With that one paragraph the (Bush-appointed) inspector general gave the Obama administration and its flacks a Cloak of Deniability. They’ve donned it every day. What started as a question of whether the White House ordered “Tea Party targeting” has become a Byzantine investigation of on what day which staffers were informed that the inspector general was digging into this. Originally, Jay Carney said the White House knew about the results “weeks” before the May 14 release of the report. Then he admitted they knew about it on April 16. This is the sort of Encylopedia Brown what-did-he-know, when-did-he-know-it investigation that looks devastating for the administration until the story is buried alive under timelines and digressions and denials.

Conservatives have started to adapt, deploying two simultaneous, only somewhat contradictory arguments. No. 1: Obama has been caught out as a “bystander,” presiding haplessly over a reckless state, learning of its abuses when he puts down the teleprompter and picks up a newspaper. No. 2: This wasn’t the only abuse of taxing/investigative power in the first Obama term. Perhaps the president was behind one of those?

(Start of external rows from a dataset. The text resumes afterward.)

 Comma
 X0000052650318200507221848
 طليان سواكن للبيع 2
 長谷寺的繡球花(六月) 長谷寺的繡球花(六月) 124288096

It’s worth their asking. On the right, stories of IRS terror are percolating and getting treated seriously again by Republicans. Frank VanderSloot, a health supplies magnate who donated to Mitt Romney’s super PAC, had blamed Obama for a surprise 2012 audit. He’s back, asking someone to find out why the IRS was so curious about his money.

And he’s not half as compelling as Catherine Engelbrecht, a Texas manufacturer who went on to found the “voter integrity” coalition True the Vote. She was hounded not just by the IRS, but by OSHA regulators, by inquisitive FBI agents, and—complicating the Obama narrative a little—the Texas Commission on Environmental Quality. On Tuesday morning she teamed up with Sen. Jon Cornyn for a conference call on her struggle. On Tuesday afternoon, she sued the IRS.

It’s like an unexpected law of physics: The Obama administration slips away from the scandal and the IRS sinks further in. On Tuesday afternoon the Los Angeles Times reported that lie-prone IRS tax-exempt organizations director Lois Lerner would show up in Congress but plead the Fifth. Instantly, Lerner became the great public villain of the scandal, a damage-conscious figure in an increasingly disgraced organization.

But conservatives want and expect this story to run through the White House. At the IRS rally, as a George Washington impersonator posed in front of the agency’s brutalist sign for a succession of TV cameras, activists withheld their names and asked me why the president wasn’t being blamed for the scandal.

“They could have a picture of Obama killing puppies and they wouldn’t believe he was really killing them,” said “Beth C,” a middle-aged activist whose red shirt portrayed a screaming eagle superimposed on an American flag.

“Or they could have a picture of him eating the dog,” joked “Melinda,” cradling one of the “Audit the IRS” signs waved during the brief rally.

“Exactly,” laughed Beth. “Eating the dog!”

They were sharing an in-joke, a reference to the fact that young Barack Obama ate “dog meat” while he lived in Indonesia. That anecdote thrilled conservatives, from the jungles of blog comments to the heights of the Romney campaign. Yet it never really wounded Obama. This was getting to be a pattern.